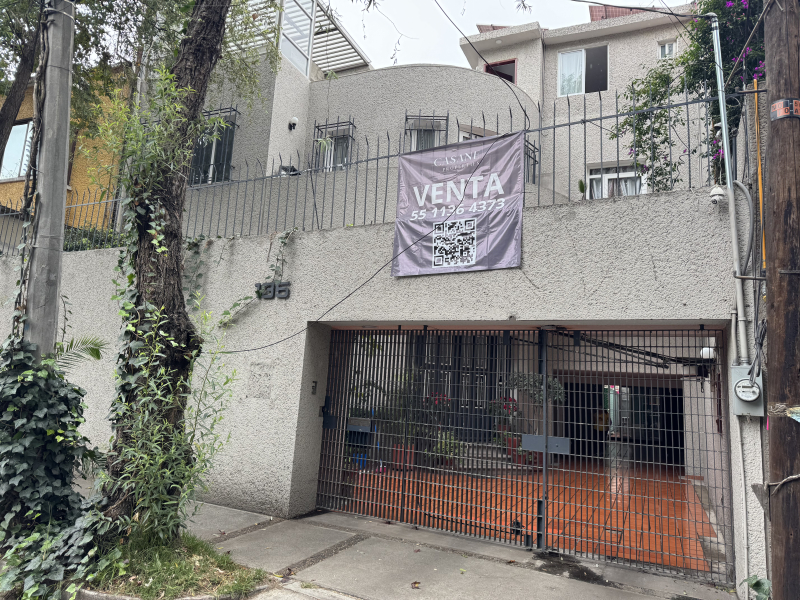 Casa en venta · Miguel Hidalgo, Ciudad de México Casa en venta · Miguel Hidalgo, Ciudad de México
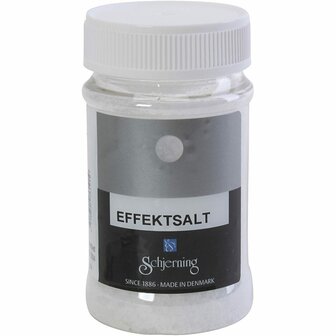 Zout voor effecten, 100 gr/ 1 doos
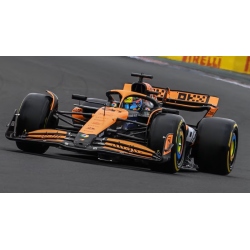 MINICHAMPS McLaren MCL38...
★ ★ ★ ★
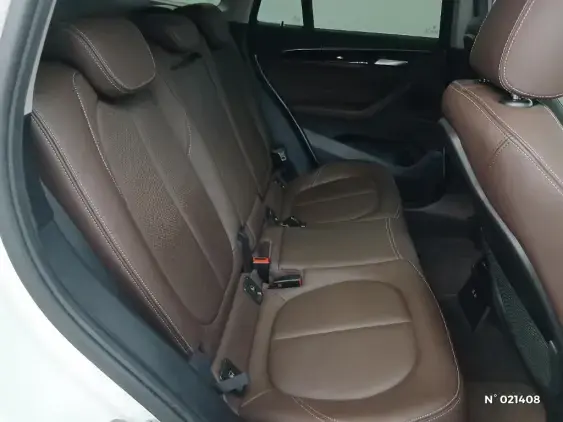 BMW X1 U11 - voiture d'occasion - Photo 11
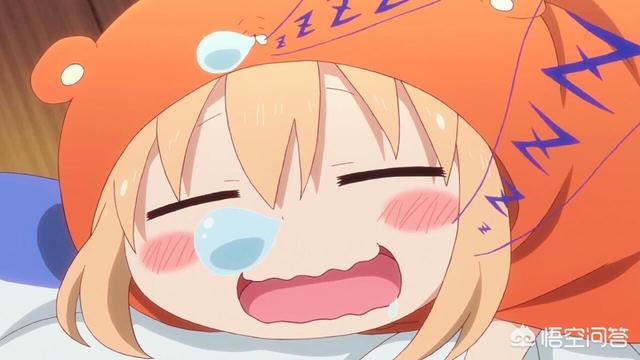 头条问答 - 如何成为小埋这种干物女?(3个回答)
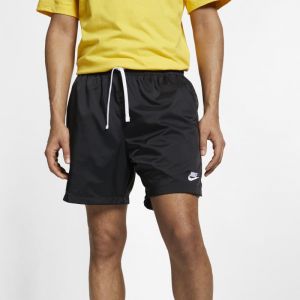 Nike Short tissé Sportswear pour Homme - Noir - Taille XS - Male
★ ★ ★ ★
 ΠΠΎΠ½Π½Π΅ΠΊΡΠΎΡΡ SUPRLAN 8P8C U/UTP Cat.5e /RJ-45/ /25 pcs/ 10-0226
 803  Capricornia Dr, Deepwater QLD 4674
★ ★ ★ ★
> _REQUIREMENT_:
From the records above, output only the lines starting at the one containing "BMW X1 U11 - voiture d'occasion - Photo 11" and ending at the one containing "Nike Short tissé", word for word. Pictures stay out.

> _COMPLETED EXERCISE_:
 BMW X1 U11 - voiture d'occasion - Photo 11
 头条问答 - 如何成为小埋这种干物女?(3个回答)
 Nike Short tissé Sportswear pour Homme - Noir - Taille XS - Male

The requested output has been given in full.